Car non seulement les mots, se détachant de leur origine, ont tendance à changer de genre, comme « pour n’y reconnaître rien d’étranger », « pour les affranchir et naturaliser », comme le remarque Pierre de la Ramée dans sa Grammaire (1572), mais ils peuvent varier selon l’énonciateur, poète ou orateur, provincial ou parisien, et selon les circonstances.
Par ailleurs, Louis-Augustin Allemand, avocat grenoblois, auteur sans succès de Nouvelles observations ou Guerre civile des français sur la langue (1688), à qui Gilles Magniont a d’ailleurs emprunté son titre, féru d’étymologie, raconte comment il sollicite l’avis de sa femme quant à l’usage, aveu que l’on a peine à imaginer dans un précis de grammaire actuel.

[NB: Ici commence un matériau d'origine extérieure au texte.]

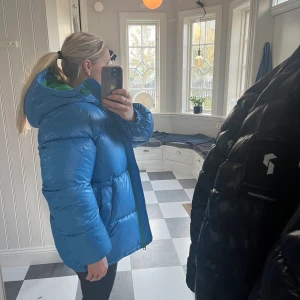 Superfin designad vinterjacka H&M - En  egendesignad vinterjacka från H&M i en superfin lite glansig blå med grönt inuti. Strl xs men rymlig i strl. Säljer på grund av att den tog så lång tid att få så hann att köpa en liknande. 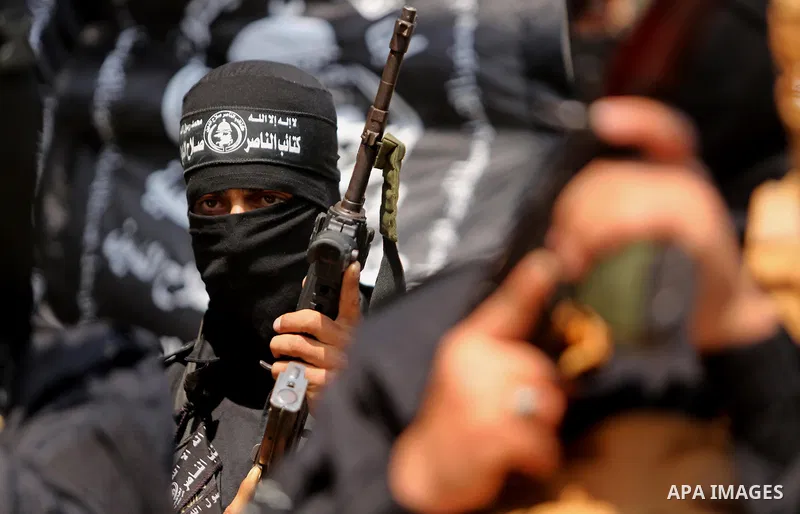 Palestinian militants of the Nasser Salah al-Din Brigades the military wing of the Popular Resistance movement hold their weapons during a press conference, in Gaza City on April 15, 2017. Photo by Ashraf Amra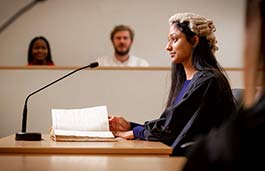 side view female judge sitting in moot room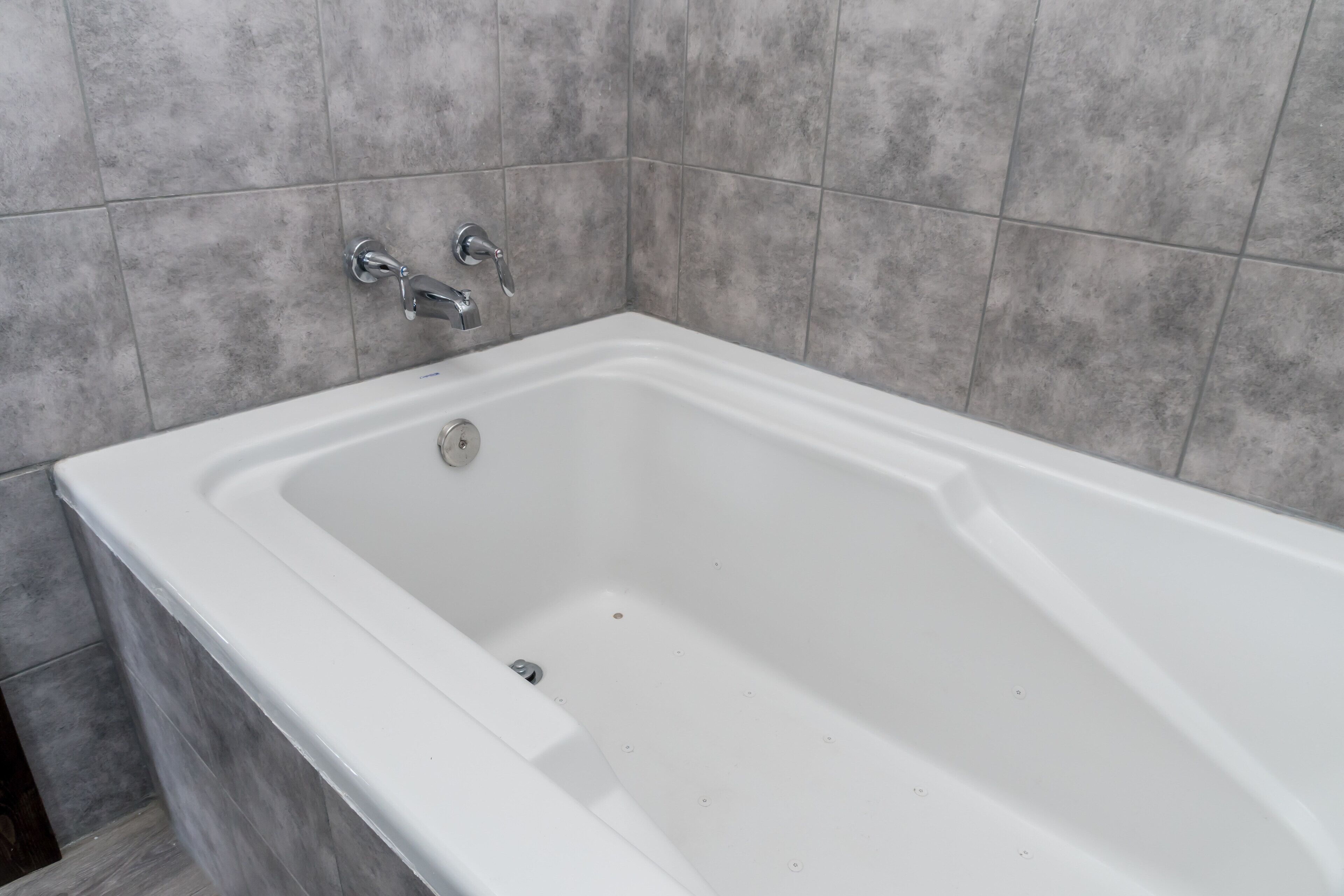 A white bathtub with a chrome faucet and a single control knob, set against a tiled wall.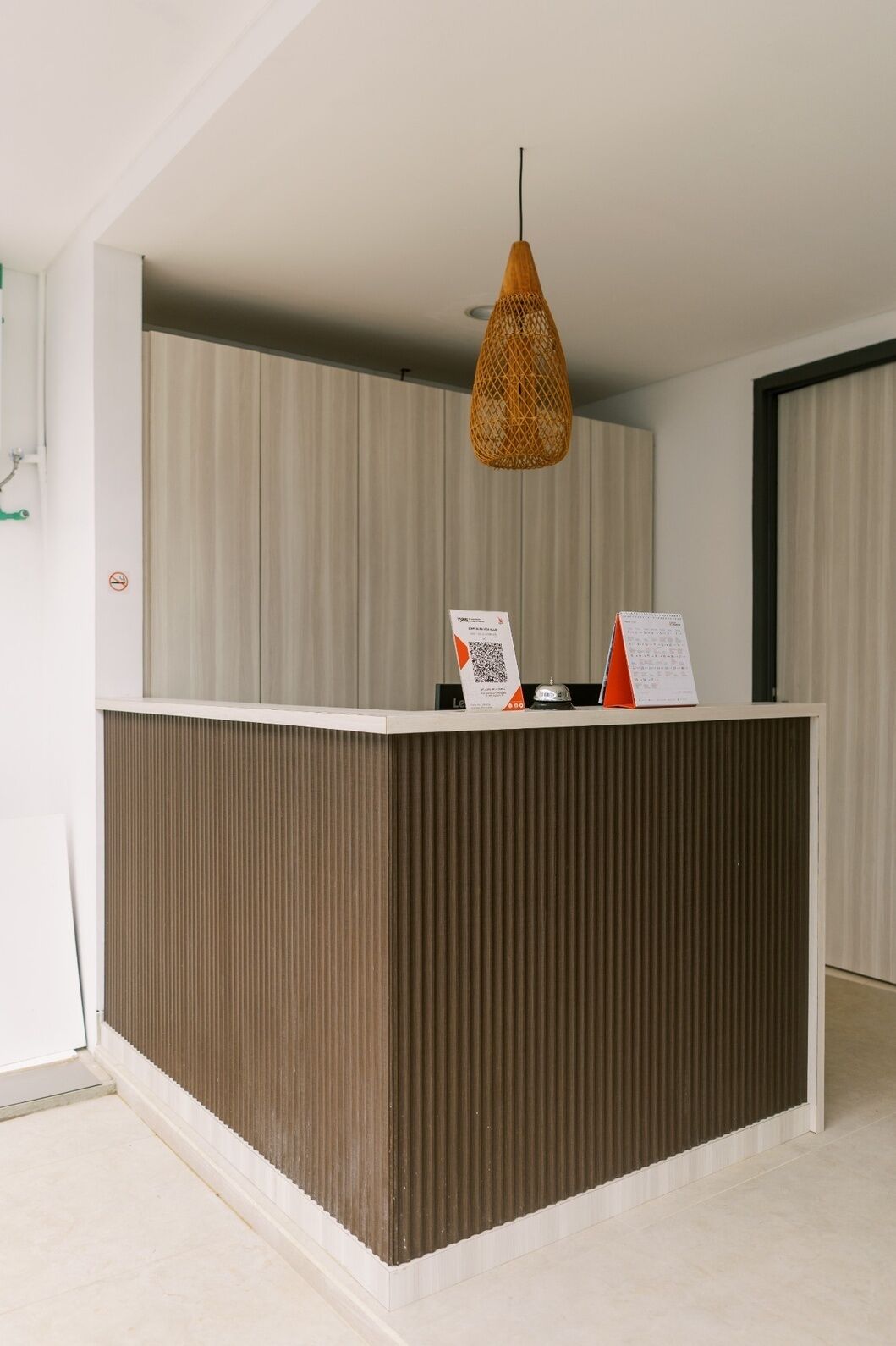 A reception desk with a woven pendant light, a notice board, and a door with a window.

Avec la multiplication des salons et la diffusion de la culture mondaine, la langue de la conversation devient, pour cette société, « l’idéal de la langue », situant le bon usage loin des cloaques provinciaux et populaires, mais aussi des bibliothèques et des savants, considérés comme infréquentables pédants. La hiérarchie n’est pas celle que l’on attendait puisque la différence des rangs compte plus que celle des sexes.
La « masculinisation » de la langue française ne semble pas s’arrêter à la mise à l’index d’activités prestigieuses (poétesse, philosophes, autrice, peintresse,…) mais à bien d’autres catégories (borgnesse par exemple) et surtout, le critère retenu par Andry de Boisregard dans ses Réflexions, ou remarques critiques sur l’usage présent de la langue française (1689), considéré comme un « ultra » de l’Académie dans les études de genre actuelles, est le « conseil d’oreille ». Difficile d’y trouver un « système idéologique ».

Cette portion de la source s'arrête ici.